# FR: Si vous partez maintenant vous risquez - discours indirect



## chessie1312

Oops merci Nicomon! 

Another question about the use of si. What would happen if you had the direct speech: "Si vous partez maintenant vous risquez de vous retrouver en plein orage et de vous perdrez dans la montagne. C'est très dangeroux!" a prévenu le guide.

Would it just become *Le guide a prévenu si [...]* or something else? I can only imagine que si but that looks wrong!


----------



## CedGex

Hi there ! 

Just a correction here
"Si vous partez maintenant*,* vous risquez de vous retrouver en plein orage et de vous *perdre *dans la montagne. C'est très *dangereux*!" a prévenu le guide.

And i would say:
Le guide a prévenu *que *si vous *partiez *maintenant, vous *risqueriez *de vous retrouver en plein orage et de vous perdre dans la montagne *parce que* c'est très dangereux!


----------



## chessie1312

Merci beaucoup! See the de vous perdre, is the vous here simply being used to mean 'you', its not actually part of a reflexive verb?


----------



## CedGex

It is part of the reflexive verb: "Se perdre".
Same thing for "se retrouver" -> "vous retrouver"


----------



## chessie1312

Okay, so its the rule being when you use an infinitive reflexive verb form in a sentence the 'se' part has to agree with the subject?


----------



## CedGex

Reflexive means the subject and the object are the same for the verb so yes.


----------



## Mikamocha

CedGex said:


> Hi there !
> 
> Just a correction here
> "Si vous partez maintenant*,* vous risquez de vous retrouver en plein orage et de vous *perdre *dans la montagne. C'est très *dangereux*!" a prévenu le guide.
> 
> And i would say:
> Le guide a prévenu *que *si vous *partiez *maintenant, vous *risqueriez *de vous retrouver en plein orage et de vous perdre dans la montagne *parce que* c'est très dangereux!



CedGex are you using the imperfect or the subjunctive here? Just double-checking...thanks!


----------



## CedGex

Hi Mikamocha*

que *_si vous__ *partiez *maintenant_: *maintenant* means now, so it's present and *que *implies subjonctive so it is subjonctive present


----------



## Nicomon

That's not the way I see it. I think that « _que _» is part of « _a prévenu que _» and doesn't have a subjunctive value. 

The construction you used after _a prévenu que _is : _*If *(imperfect), *then *(conditional).

_Copied from this page : 





> Pour exprimer une hypothèse : *Si + imparfait, conditionnel présent
> *Si je gagnais au loto, je ferais le tour du monde.


 See? Same pattern.  So : _Si vous partiez maintenant _(imparfait) _vous risqueriez _(conditionne présent).


----------



## chessie1312

chessie1312 said:


> The direct speech: "Si vous partez maintenant vous risquez de vous retrouver en plein orage et de vous perdrez dans la montagne. C'est très dangeroux!" a prévenu le guide.

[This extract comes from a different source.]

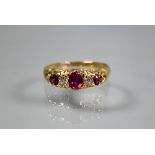 An antique five stone ruby and diamond ring, the graduated stones in 18ct yellow gold setting,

Le guide a prévenu que si vous *partiez* *alors* vous *risquiez *de vous retrouver en plein orage et de vous perdre dans la montagne parce que c'est très dangeroux!

I thought the present tense in direct speech goes to imparfait in indirect speech?


----------



## Nicomon

I think you're confusing the _if/then _construction and direct speech. 

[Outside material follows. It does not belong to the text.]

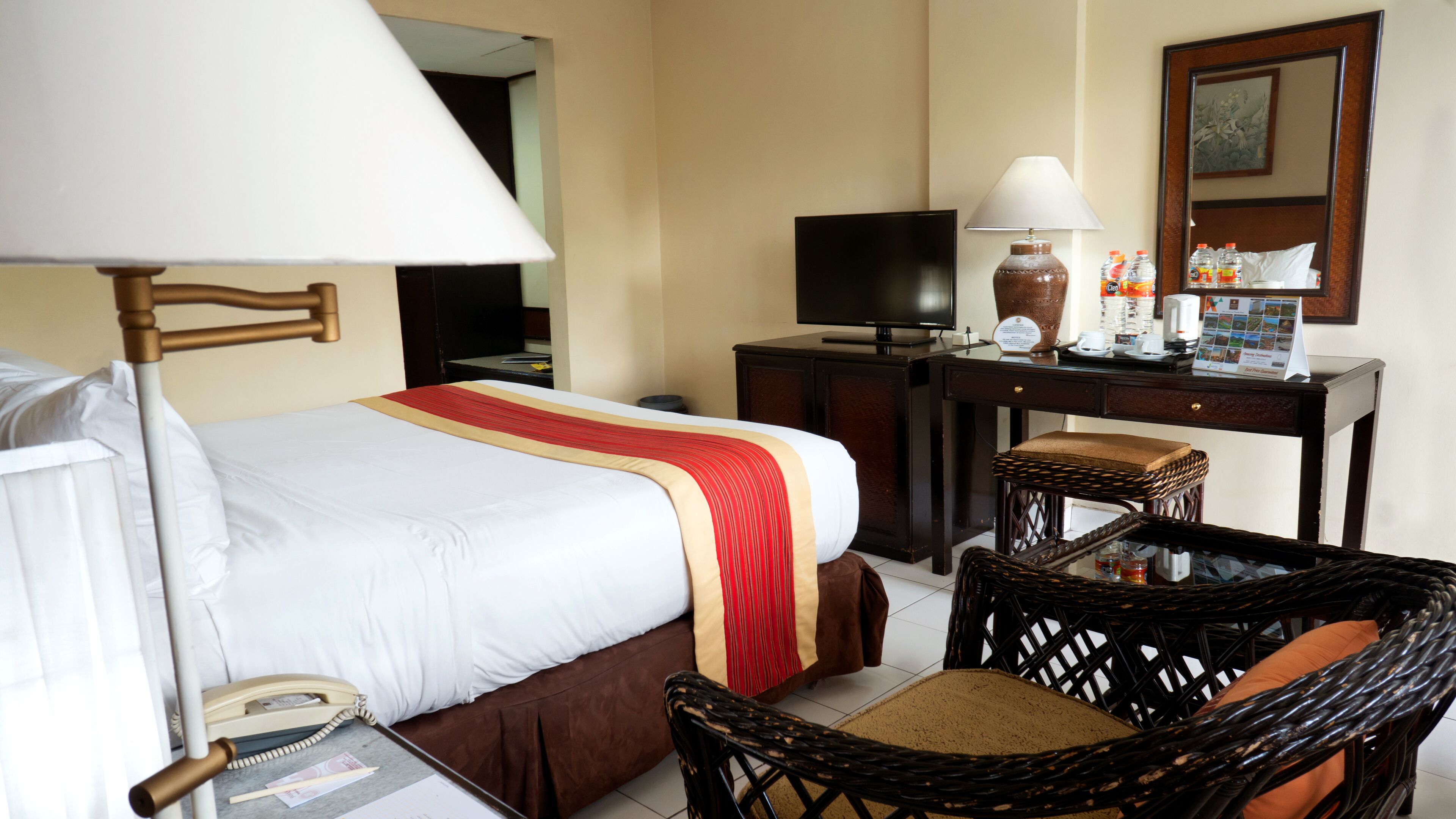 A hotel room with a bed, a desk with a television, a chair, and a lamp.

My take on this - I would change « vous » to « nous » (but there are several ways of saying this) : 

_Le guide nous a prévenus qu'il était très dangereux de partir maintenant, car nous risquerions de nous retrouver en plein orage et de nous perdre 
dans la montagne.
_


----------



## jann

Nicomon said:


> I think you're confusing the _if/then _construction and direct speech.


 But both factors come into play.  And we don't have enough context to tease them apart.

If this is a grammar exercise that is intended to help students practice transforming direct speech into reported speech, then we should probably take the tense transformation rules literally and apply them strictly... without worrying about the fact that the original direct speech quote used "si + présent, présent" and that this generates a rather odd "si + imparfait, imparfait" in reported speech.  We should also apply transformation rules about time-related words (maintenant --> à ce moment-là)

Unfortunately, grammar exercises are not always well designed.

But if this is real life, that changes things... and we need to know the timing of the situation.  Are you telling a story about what happened on a trip last month? Or are you repeating the guide's warning, issued 30 seconds ago, for the benefit of a member of your group who missed what was said?  These considerations will affect the transformations of the time-related word _maintenant_ into reported speech, and they may also affect the choice of the most natural tenses to express the reality of the situation.


----------



## chessie1312

Its purely a grammar exercise, but I did think it strange after reading nicomon's post about si + imparfait, conditional that the grammar exercise would have two present tense verbs after a si clause


----------



## janpol

Le guide nous a prévenus que, si nous partions dans l'immédiat, nous risquions de nous retrouver en plein orage et de nous perdre dans la montagne. Il a conclu que c'était très dangereux.


----------